> Task details:
Using the data that follows, output only the lines from the line with "İzmir'in aday adayları belli oldu" up to and including the line with "Figure 776087", exactly, leaving pictures aside.

> Supplied data:
== == ==

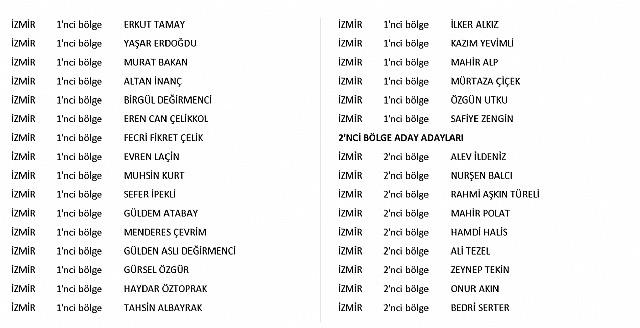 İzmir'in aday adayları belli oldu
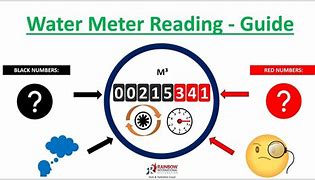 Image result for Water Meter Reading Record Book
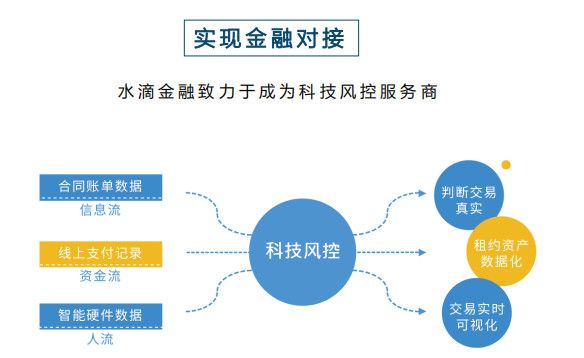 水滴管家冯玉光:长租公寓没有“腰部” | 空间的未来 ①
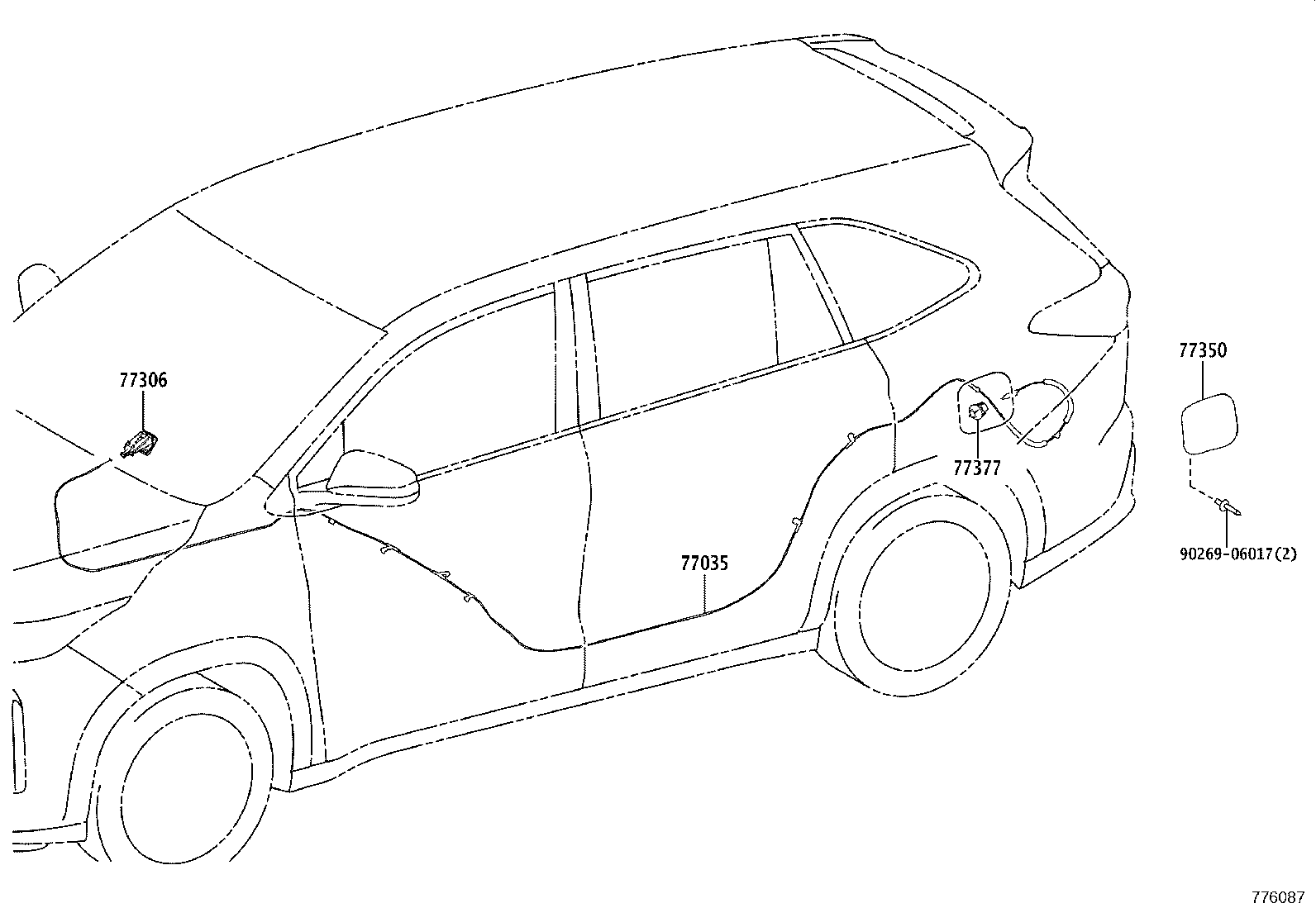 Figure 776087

== == ==

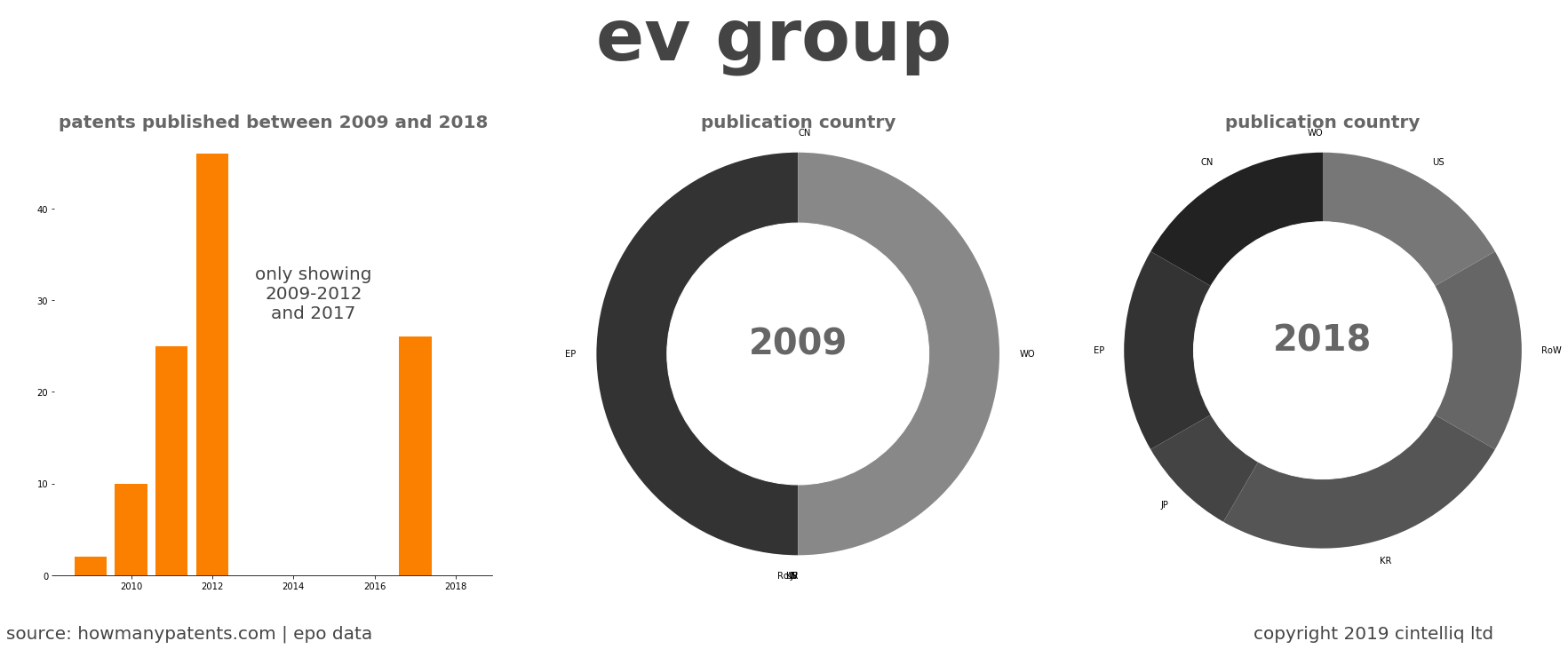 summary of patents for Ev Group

== == ==

> Written reply:
 İzmir'in aday adayları belli oldu
 Image result for Water Meter Reading Record Book
 水滴管家冯玉光:长租公寓没有“腰部” | 空间的未来 ①
 Figure 776087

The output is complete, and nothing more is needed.